Got an hour of writing in last night and have the congregations (American and American Jewish) done (except for the part I'm going back to revise after thinking about it while falling asleep). What's left? A description of Bay Area Judaism, a description of what I did and why (no more than 1000 words on that or Claude will shoot me), and a summary of the results. This is eminently doable for today, I think. For the most part, this business of rewriting moves much faster than writing the first time. I hope that continues. But I really do feel like I know what I'm doing...

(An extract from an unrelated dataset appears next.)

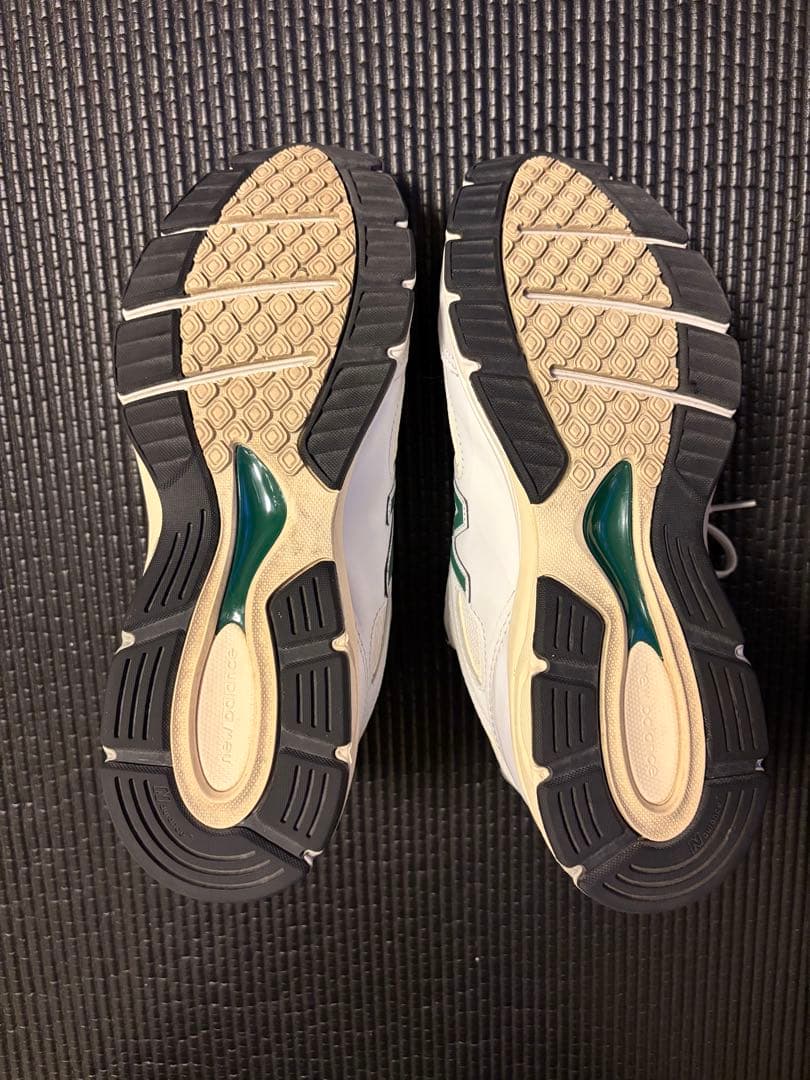 New Balance 990 V4 ホワイト　スニーカー　27.5㎝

Reading the NY Times today, Christina Hoff Sommers has
a piece on how education fails boys. To give her credit, she explicitly focuses on policies, not on whether those policies benefit boys or girls. The comments, almost uniformly, support her--full of people giving their (anecdotal) evidence for why what schools require turned their kids (boys) off of learning. I'm not arguing with that--watching Miranda's love of learning vanish in first grade was why we pulled her from the public schools and ultimately homeschooled. But what is disturbing about the whole discussion is how little the difference between male and female status figures into it. I think it was mentioned once in the comments and not at all in the essay. Yet this, not changing school policies that favor girls' achievement (and I suspect the policies haven't changed all that much--the routinization inherent in mass education results in policies that reward compliance and always have). What has changed is the attitude toward girls--that they are competent and can succeed in this venue, including (albeit still to a lesser degree) in STEM fields. What is well documented is that when girls/women enter and succeed in a given field, it becomes less attractive to men. The way we know that will have changed is when boys are as willing to imagine themselves as girls as girls are to imagine themselves as boys. Or when boys wear girls' clothing without it being a matter of comment, let alone concern. Or when boys are named without regard to whether the names are becoming feminized (yup, you know who I'm talking about here). The reason it matters is that without dealing with that status issue (and honestly, I have no idea how to do that), many boys and men will be left with fewer (apparent) options--and that's not healthy for society. So figuring out a solution would be a good thing. Blaming school (which, god knows, takes enough deserved and undeserved blame already) isn't helpful.